Je pense par contre qu’au delà de la nostalgie, certains aspects du Parc d’avant manquent cruellement de nos jours, et pas uniquement du point de vue des tifos, craquages, chants, gestuelles, que le CUP a su en partie recréer.

Je pense aussi et surtout à tous ces combats que nous avons menés, à la place que nous (j’inclus toutes les tribunes actives) prenions pour faire entendre nos revendications d’un foot plus populaire et d’un club qui respecte son identité et ses supporters : c’était selon moi un élément essentiel du PSG, qui assurait une forme d’équilibre et participait d’un club digne de ce nom.

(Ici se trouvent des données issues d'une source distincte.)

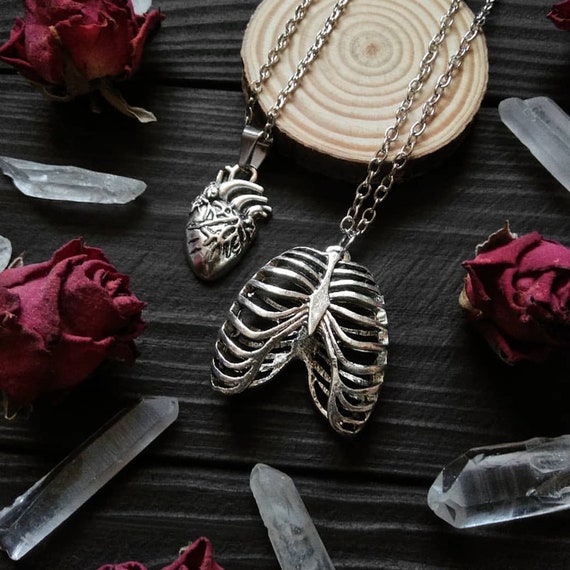 Heart cage necklace discount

Aujourd’hui le CUP cherche enfin à renouer avec ces dimensions,  en témoignent les combats menés ces derniers mois. Même si beaucoup de chemin reste à parcourir pour égaler ce qui se faisait avant (le contexte n’amenant pas non plus les mêmes possibilités), et que je ne me retrouve pas toujours dans la manière de faire, je leur suis reconnaissant de s’efforcer d’agir dans ce sens. Tout ce qui par la suite donnera de la place aux supporters, à l’identité, méritera également selon moi des encouragements, tant les enjeux qui en découlent me paraissent forts.

Je voudrais enfin terminer ce texte en adressant un très grand merci à tous ceux qui ont contribué à me rendre fier à l’époque d’être d’Auteuil, fier du Parc… tous ceux qui ont donné de la voix pour ça, tous ceux chez qui mes propos éveilleront une petite résonance… Merci d’être le coeur du club qui est dans le mien !

Mais surtout, pour que ce PSG Montpellier, dans ce qu’il a signifié de plus terrible, reste réellement exceptionnel, pour ne pas connaître à à l’avenir de nouvelles purges de nos tribunes, n’oublions pas ce qui a mené à notre fin. Tirons en l’enseignement de ne pas resombrer encore et toujours dans des conflits internes qui n’apportent que honte et désolation. Soyons fiers d’être parisiens. Ensemble. Mettons notre club et le lien qu’il opère entre nous avant tout ce qui peut nous diviser. Notre club le mérite, notre histoire l’impose.